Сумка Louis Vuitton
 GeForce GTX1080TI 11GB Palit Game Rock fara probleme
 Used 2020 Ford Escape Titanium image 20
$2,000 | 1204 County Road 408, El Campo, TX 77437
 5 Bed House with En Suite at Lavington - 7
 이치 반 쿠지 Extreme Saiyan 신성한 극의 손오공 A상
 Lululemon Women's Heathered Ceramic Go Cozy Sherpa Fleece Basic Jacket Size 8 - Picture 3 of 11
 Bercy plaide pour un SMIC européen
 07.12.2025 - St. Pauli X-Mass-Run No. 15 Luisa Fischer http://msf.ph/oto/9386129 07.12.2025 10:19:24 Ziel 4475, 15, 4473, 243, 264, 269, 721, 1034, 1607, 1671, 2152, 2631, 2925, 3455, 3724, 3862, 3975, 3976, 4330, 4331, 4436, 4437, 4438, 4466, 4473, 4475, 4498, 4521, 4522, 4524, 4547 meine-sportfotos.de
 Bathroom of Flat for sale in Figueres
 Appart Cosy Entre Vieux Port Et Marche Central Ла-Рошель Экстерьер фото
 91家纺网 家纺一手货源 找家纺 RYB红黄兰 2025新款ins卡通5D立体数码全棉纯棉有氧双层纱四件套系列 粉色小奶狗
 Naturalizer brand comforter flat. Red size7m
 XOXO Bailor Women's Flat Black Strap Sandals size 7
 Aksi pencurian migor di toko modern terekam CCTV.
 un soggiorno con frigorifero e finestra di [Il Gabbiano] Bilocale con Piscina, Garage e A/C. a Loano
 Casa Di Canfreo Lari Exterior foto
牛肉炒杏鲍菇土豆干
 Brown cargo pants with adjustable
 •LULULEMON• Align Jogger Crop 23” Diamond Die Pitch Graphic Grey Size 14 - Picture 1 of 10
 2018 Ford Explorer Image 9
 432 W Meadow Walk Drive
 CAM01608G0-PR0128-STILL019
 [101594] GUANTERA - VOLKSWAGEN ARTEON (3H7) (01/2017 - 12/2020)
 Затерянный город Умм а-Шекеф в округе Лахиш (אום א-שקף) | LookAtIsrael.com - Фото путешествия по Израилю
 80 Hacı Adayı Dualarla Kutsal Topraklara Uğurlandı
..............................
-- Problem --
Take the lines above from the one containing "Campo, TX 77437" down to the one containing "Bercy plaide pour un SMIC européen", and transcribe them exactly, both ends included.

-- Problem solution --
$2,000 | 1204 County Road 408, El Campo, TX 77437
 5 Bed House with En Suite at Lavington - 7
 이치 반 쿠지 Extreme Saiyan 신성한 극의 손오공 A상
 Lululemon Women's Heathered Ceramic Go Cozy Sherpa Fleece Basic Jacket Size 8 - Picture 3 of 11
 Bercy plaide pour un SMIC européen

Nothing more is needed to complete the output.